Mais en prétendant résoudre les problèmes réels de discrimination rencontrés par les travailleurs et entreprises de l'Est (d'autant plus injustifiés qu'il existe dans beaucoup de ces secteurs une pénurie de main-d'oeuvre nationale), Bolkestein adopte une solution tellement extrême qu'elle en revient à jeter le bébé avec l'eau du bain. Aucune limite claire sur la durée des missions n'est fixée, et surtout, c'est l'ensemble du droit et des réglementations du pays de destination qui passe soudainement à la trappe. La directive ouvre la voie à un dumping social et fiscal sans fin, où il suffirait pour une entreprise de domicilier formellement ses salariés dans le pays aux charges les plus faibles pour éviter, par exemple, de payer les cotisations sociales du pays où se déroule de manière récurrente l'activité en question !

Au motif de réformer certaines réglementations inadaptées, on finit ainsi par utiliser l'Europe pour remettre en cause l'ensemble de l'édifice social et fiscal sur lequel se sont construits les welfare states européens. Face à ce type d'offensive, la gauche européenne doit construire des coalitions sociales-démocrates offensives prêtes à remettre en cause les réglementations existantes lorsqu'elles sont inadaptées, et inversement, à défendre fermement les principes essentiels lorsqu'ils sont menacés, notamment pour ce qui concerne le dumping fiscal. Les propositions des eurodéputés SPD de refonte de la directive vont dans ce sens, mais une telle attitude constructive et européenne est rare chez les socialistes français, notamment chez les partisans du non, qui s'en tiennent généralement au repli démagogique, ou bien encore à l'opportunisme le plus cru. Faut-il rappeler que le rapport Charzat proposait en 2001 d'exempter des impôts français les cadres étrangers implantés en France (mesure qui rappelle étrangement la directive Bolkestein), et que son commanditaire, Laurent Fabius, était tout prêt à l'appliquer, à un moment où un tel positionnement politique lui semblait porteur ?

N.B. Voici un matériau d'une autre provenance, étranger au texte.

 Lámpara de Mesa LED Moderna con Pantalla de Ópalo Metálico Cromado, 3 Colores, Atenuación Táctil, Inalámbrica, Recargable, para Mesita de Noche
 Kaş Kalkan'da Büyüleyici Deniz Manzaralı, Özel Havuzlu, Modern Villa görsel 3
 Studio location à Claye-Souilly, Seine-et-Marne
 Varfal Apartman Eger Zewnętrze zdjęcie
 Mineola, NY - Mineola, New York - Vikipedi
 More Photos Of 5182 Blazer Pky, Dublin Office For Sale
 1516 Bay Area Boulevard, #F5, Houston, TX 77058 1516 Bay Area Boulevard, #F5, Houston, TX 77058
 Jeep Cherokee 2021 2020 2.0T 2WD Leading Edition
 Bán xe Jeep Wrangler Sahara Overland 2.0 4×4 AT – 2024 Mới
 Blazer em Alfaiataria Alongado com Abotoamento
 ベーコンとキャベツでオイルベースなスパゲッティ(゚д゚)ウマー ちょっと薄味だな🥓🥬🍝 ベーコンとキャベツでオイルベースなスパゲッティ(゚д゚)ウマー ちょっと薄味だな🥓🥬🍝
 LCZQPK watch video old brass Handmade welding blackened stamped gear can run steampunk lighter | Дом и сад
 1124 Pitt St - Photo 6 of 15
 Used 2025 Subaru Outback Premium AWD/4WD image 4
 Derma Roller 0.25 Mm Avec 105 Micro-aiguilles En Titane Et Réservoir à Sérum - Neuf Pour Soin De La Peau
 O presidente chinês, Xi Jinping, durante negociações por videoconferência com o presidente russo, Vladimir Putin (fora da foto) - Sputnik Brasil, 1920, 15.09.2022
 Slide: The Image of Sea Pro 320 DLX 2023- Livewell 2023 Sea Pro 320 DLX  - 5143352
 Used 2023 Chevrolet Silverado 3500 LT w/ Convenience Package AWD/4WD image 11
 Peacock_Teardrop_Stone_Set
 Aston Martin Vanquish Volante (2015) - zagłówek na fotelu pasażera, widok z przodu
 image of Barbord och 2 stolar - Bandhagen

En tout état de cause, il faut répéter avec force qu'un non au traité constitutionnel ne fera que diminuer les chances des grands pays (et singulièrement de la France) de peser sur ces choix. On peut certes regretter qu'un texte ne comportant que quelques timides avancées par rapport aux traités précédents (essentiellement les nouvelles règles définissant la majorité qualifiée : 55 % des Etats représentant 65 % de la population) prenne le nom de Constitution et fasse l'objet d'un référendum, ce qui inévitablement conduit de nombreux électeurs à exprimer un mécontentement général face à l'Europe. Mais à partir du moment où le processus est lancé, seul le oui peut permettre d'avancer dans la bonne direction.

 

Thomas Piketty est directeur d'études à l'Ecole des hautes études en sciences sociales.